• EXERCISE BRIEF
Copy out exactly the lines from the first line of the material below through the line containing "Psychiatr Hermann Rorschach", and nothing beyond them.

• THE INPUT
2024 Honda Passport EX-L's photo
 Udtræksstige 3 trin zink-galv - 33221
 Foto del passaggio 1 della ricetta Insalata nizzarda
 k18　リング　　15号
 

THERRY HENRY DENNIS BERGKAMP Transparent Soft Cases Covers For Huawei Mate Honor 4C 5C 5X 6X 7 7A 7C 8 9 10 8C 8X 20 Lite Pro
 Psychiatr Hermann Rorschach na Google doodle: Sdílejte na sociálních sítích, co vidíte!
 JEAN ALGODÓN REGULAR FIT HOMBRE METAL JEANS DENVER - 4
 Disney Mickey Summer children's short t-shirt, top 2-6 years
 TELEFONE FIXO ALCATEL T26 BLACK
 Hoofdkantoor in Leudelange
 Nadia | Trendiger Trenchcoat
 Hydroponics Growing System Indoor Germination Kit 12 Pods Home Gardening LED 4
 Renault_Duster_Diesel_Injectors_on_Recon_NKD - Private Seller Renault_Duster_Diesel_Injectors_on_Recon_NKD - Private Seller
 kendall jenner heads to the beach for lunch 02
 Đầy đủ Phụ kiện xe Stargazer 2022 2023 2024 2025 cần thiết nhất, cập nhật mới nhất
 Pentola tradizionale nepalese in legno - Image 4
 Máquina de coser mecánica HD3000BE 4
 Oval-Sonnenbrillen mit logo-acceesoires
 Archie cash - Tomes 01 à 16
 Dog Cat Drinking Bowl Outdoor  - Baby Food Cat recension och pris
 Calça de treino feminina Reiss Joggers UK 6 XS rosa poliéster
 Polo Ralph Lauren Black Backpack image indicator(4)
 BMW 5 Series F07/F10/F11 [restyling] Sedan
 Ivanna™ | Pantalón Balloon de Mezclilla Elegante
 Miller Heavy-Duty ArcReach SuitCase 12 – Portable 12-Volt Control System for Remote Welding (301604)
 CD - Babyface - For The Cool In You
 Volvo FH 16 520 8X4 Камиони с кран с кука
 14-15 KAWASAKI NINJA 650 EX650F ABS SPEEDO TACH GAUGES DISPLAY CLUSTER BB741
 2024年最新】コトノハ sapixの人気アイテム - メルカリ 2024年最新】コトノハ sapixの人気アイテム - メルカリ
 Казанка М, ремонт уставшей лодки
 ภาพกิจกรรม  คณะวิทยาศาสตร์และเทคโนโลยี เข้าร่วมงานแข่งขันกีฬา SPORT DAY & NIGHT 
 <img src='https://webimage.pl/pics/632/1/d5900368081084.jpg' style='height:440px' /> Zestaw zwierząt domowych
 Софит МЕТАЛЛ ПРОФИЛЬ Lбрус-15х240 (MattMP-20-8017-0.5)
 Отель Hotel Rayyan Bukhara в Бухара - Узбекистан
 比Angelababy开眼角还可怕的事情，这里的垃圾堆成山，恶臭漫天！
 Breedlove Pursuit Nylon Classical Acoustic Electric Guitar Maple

• EXPECTED ANSWER
2024 Honda Passport EX-L's photo
 Udtræksstige 3 trin zink-galv - 33221
 Foto del passaggio 1 della ricetta Insalata nizzarda
 k18　リング　　15号
 

THERRY HENRY DENNIS BERGKAMP Transparent Soft Cases Covers For Huawei Mate Honor 4C 5C 5X 6X 7 7A 7C 8 9 10 8C 8X 20 Lite Pro
 Psychiatr Hermann Rorschach na Google doodle: Sdílejte na sociálních sítích, co vidíte!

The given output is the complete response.